This is what it looks like on the ground: The home on 1704 Hurlbut in Sebastopol, Sonoma County – a pricey area a little north of San Francisco, between the Pacific and Napa County – was listed for $980,000 on June 17. Then came the price cuts:
- July 19: cut to $935,000
- July 24: cut to $895,000
- August 7: cut to $850,000
- September 19: cut to $830,000.
In addition to the 15% price cut, they threw in a $15,000 credit toward the pest damage, explained Thomas Stones, a broker in Sonoma County. It still hasn’t sold.
“Places that were right around $1 million initially seem to be having the largest price reductions,” he said. “Oh, I mean ‘Fresh Prices’ and ‘Improved prices.’ I really have to work on my Realtorspeak!”
Another example is the home on ten acres at 1725 Sextonview Lane, a few miles west of Sebastopol. It was originally listed on August 27 for $1.995 million. On September 23, the asking price was cut by $296,000 (15%) to $1.699 million, and it still hasn’t sold.
Two months ago, we – Thomas Stone, the broker in Sonoma County, and I – stuck our necks out and said that the housing market in Sonoma County experienced its inflection point in June, and that the underlying dynamics have deteriorated since. This became visible in the raw data beneath the surface as well as other indicators, such as desperate fliers sent to brokers. So here is how things developed in September.

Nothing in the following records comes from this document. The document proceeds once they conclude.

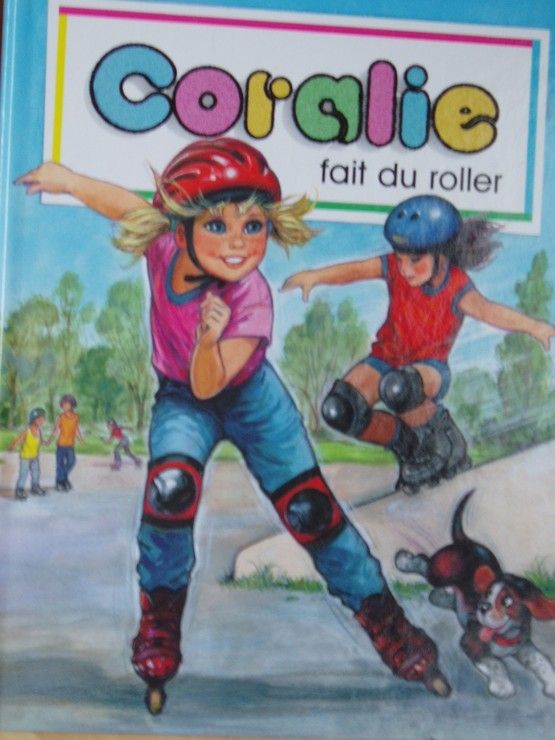 voir fiche du livre Coralie fait du roller
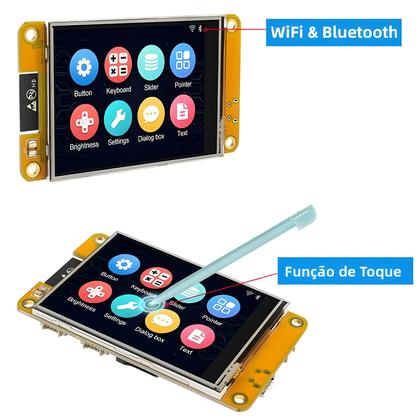 Imagem de Display Inteligente De 2.8 Polegadas ESP32 MCU Para Arduino LVGL WIFI Bluetooth Touch Módulo LCD TFT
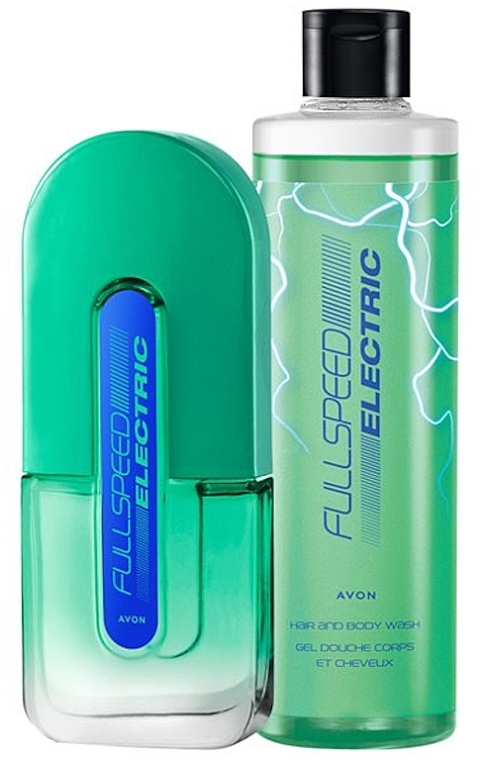 Avon Full Speed Electric - Set (edt/75 ml + sh/gel/250 ml) — photo N1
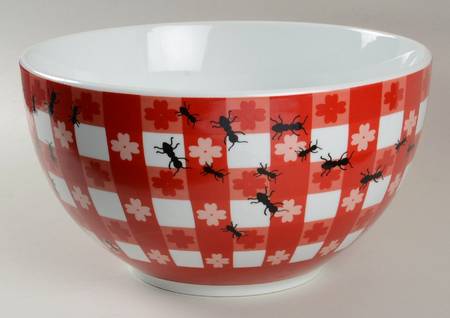 Thrill of the Grill (Ants) 9" Round Vegetable Bowl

The supply of homes listed for sale in the county suddenly jumped in June and in September reached 1,198 homes, according to Multiple Listings Service (MLS), provided by Stone. The red columns indicate the moves since the inflection point in June:
Home sales is a seasonal business. To eliminate the effects of seasonality, the chart below compares inventories to the same month a year earlier. In prior years, supply tightened, with inventories on a downward trend year-over-year. But over the past four months, that has drastically changed. In September, 299 more properties were listed for sale than in September last year, an increase of 33% (red indicates the moves since the June inflection point):
Even as supply has surged 33%, sales in September have plunged 25% year-over-year, to only 357 homes, the slowest September in the data going back through 2014.
And months’ supply of homes for sale is soaring. This is the number of homes for sale divided by the number of homes that sold. It used to hover around 1.7 months. It began rising in June. By September, it had doubled to 3.4 months (red indicates the moves since the June inflection):
When there is no sale, no one gets paid. When sellers are asking for more money than buyers are willing to pay, sales volume falls off. If this stalemate continues, the market freezes up and doesn’t thaw until sellers start lowering their prices far enough. Brokers play a role in conveying this new market reality – after years of rising prices – to their clients to make deals happen. And now everyone is trying to figure out where the market is.
“101 new listings, 101 price reductions,” quipped Thomas Stone two weeks ago.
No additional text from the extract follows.